The second condition checks the size of the downloaded file: if the value is not divided by 512 without a remainder, then the file is not a tar archive. This is where the verification ends.
It turns out that you need to bypass only the first condition. OK! We took a simple cmd.php script for tests (there is a ready-made one from “The Dark Raver”). The system cli passed identifier characters with the contents of the cmd.php file to a new file called cmd_boom.php:
echo -e "\x1f\x8b\n$(cat cmd.php)" > cmd_boom.phpUsing the xxd utility, you can see the contents of the file in the form of a hex table:
cat cmd_boom.php | xxdConclusion:
Everything, the file is ready for upload to the “distant server”. We upload cmd_boom.php to our GitHub repository and insert the URL of the script on the 1C-Bitrix recovery form. As a result, after a short contemplation of the download progress bar, we received an error message:
Well, maybe the file was deleted from the home folder due to an error? What is the point of storing it if the file crashes in transit or is inconsistent? But the authors of the restore.php script apparently found it unnecessary to clean up the site’s home directory from garbage. So, what about the loaded shell? So here he is, dear!
Now the fun part. By clicking the “Skip” and “Try again” buttons on the error message form, we received a page with the “Delete local backup and utility scripts” button. Clicked - the files are deleted!

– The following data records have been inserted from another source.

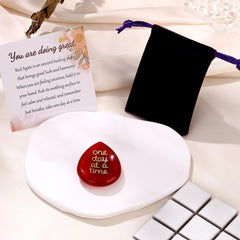 ZHIYUXI Worry stone in hand for quick grounding during busy moments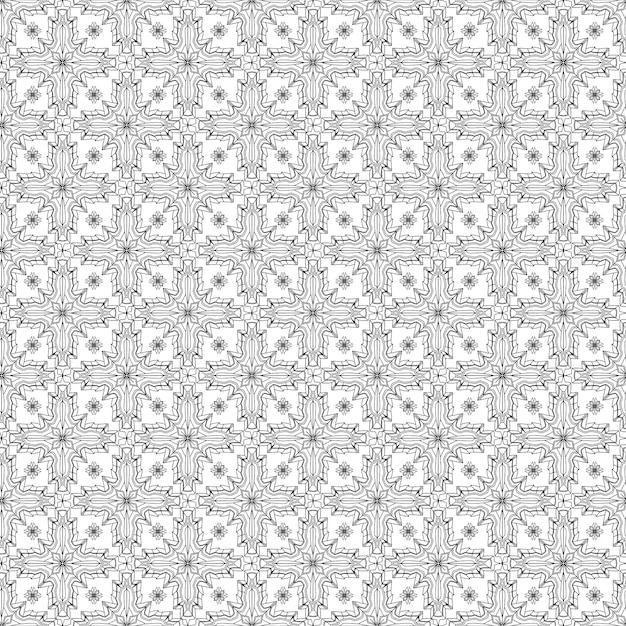 Geometric seamless pattern black and white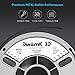 DURAMIC 3D PETG Filament 1.75mm Black, 3D Printing Filament 1kg Spool(2.2lbs), Black Filament 1.75mm Dimensional Accuracy +/- 0.05 mm Non-Tangling Non-Clogging Non-Stringing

As a result, the home directory will be cleared of restore.php, bitrixsetup.php and the downloaded cmd_boom.php scripts. After that, you can’t do anything decisive with the site - and the backup copy has not been restored and you can’t proceed to installing the new site.
Of course, you could hide the cmd.php script in a subdirectory or rename it to index.php. We rested on our laurels.
There is set aside!
We reported to 1C-Bitrix technical support about a problem with the restore.php script, and we received the following answer:
“There is no point in talking about vulnerabilities in restore.php, this script is designed to deploy a site management system. In its essence, it is needed in order to upload php scripts to the site. ”
Well, in general, everything is correct, we successfully uploaded the scripts to the“ abandoned ”customer site and received a local shell.
The position of technical support is clear: "You haven’t finished the site configuration - you’re an evil Buratina yourself." The ticket was closed by technical support with no response from the developers themselves.
We did not begin to find out how many “abandoned” VM 1C-Bitrix VMs were published on the Internet, just a couple found by searching for “intitle:“ Welcome! ”Intext:“ Welcome to Bitrix Virtual Appliance ”on Google.
Epilogue
Do not publish BM 1C-Bitrix before the site is deployed. Keep track of your company’s resources published online. Abandoned sites are almost always bad.